Start with concrete experiences before introducing particle theory. Avoid early reliance on diagrams or videos; let students observe liquid behavior firsthand so their questions guide the discussion. Research shows that students build stronger mental models when they experience phenomena before abstract explanations, so introduce particle language only after they notice patterns in their data.

Students will confidently describe how liquids adapt to container shape while keeping volume fixed, explain why viscosity varies among liquids, and connect temperature changes to liquid behavior.
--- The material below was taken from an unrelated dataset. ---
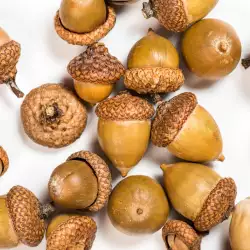 Health Benefits of Acorns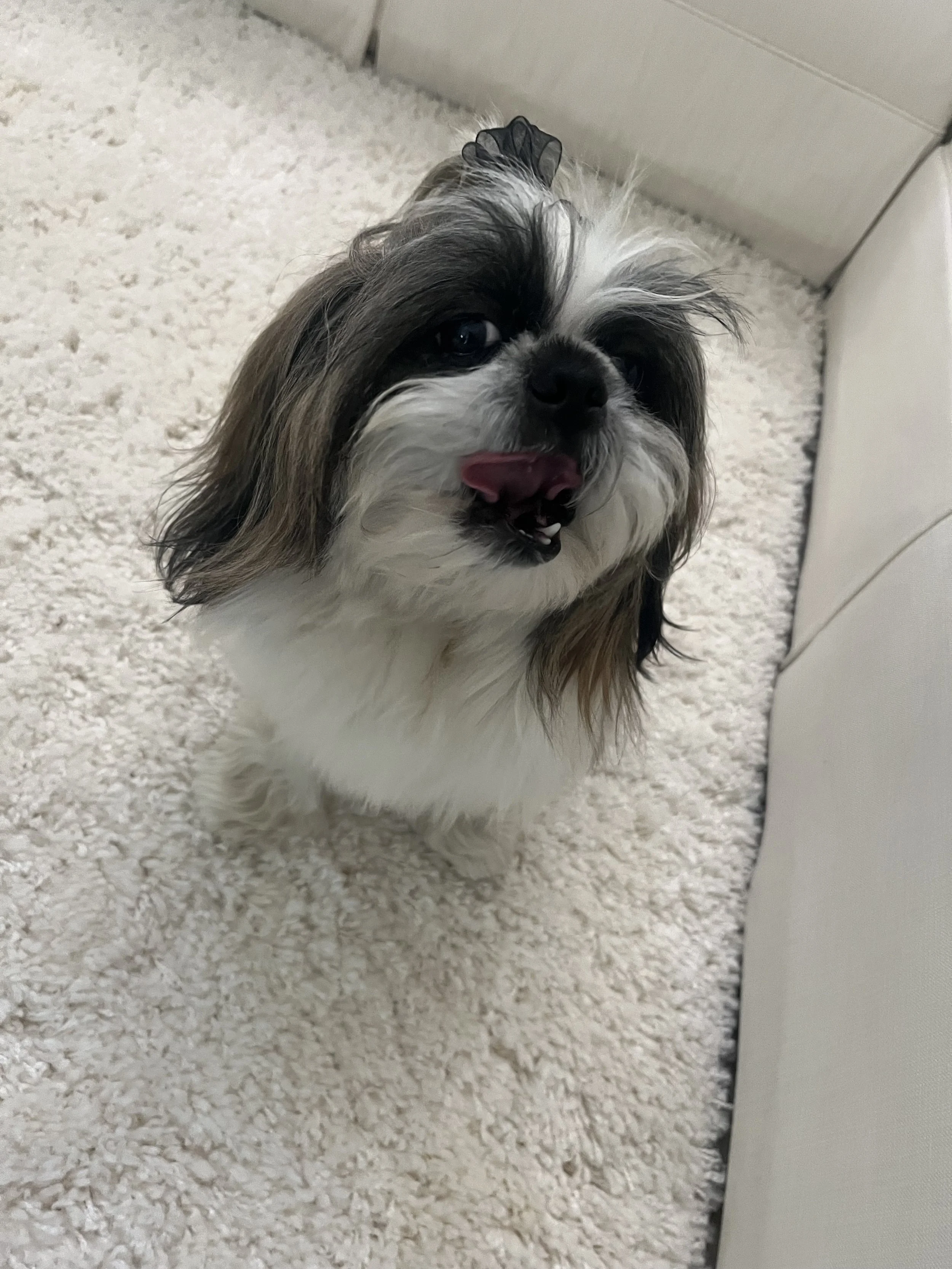 A small dog with long fur, black and white around the face, sticking out its tongue, sitting on a white fluffy carpet.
Their explanations should include particle language and evidence from their tests.


Watch Out for These Misconceptions

  • During Container Challenge, watch for students who believe the liquid volume changes when poured into a new container.

    Use color-coded water and graduated cylinders to let students measure the same volume before and after pouring, then hold up their cylinders side by side to prove the volume stays constant while shape changes.

  • During Viscosity Ramp Races, watch for students who claim all liquids flow at the same speed.

    Have students rerun races using the same ramp setup but different liquids, then compare their timings on a class chart to see clear differences in flow speed and viscosity.

  • During Particle Flow Demo, watch for students who think liquid particles have no forces between them.

    After shaking beads as a liquid model, ask students to pour actual water and observe how the surface stays flat, then discuss how weak forces keep the volume fixed even as particles slide.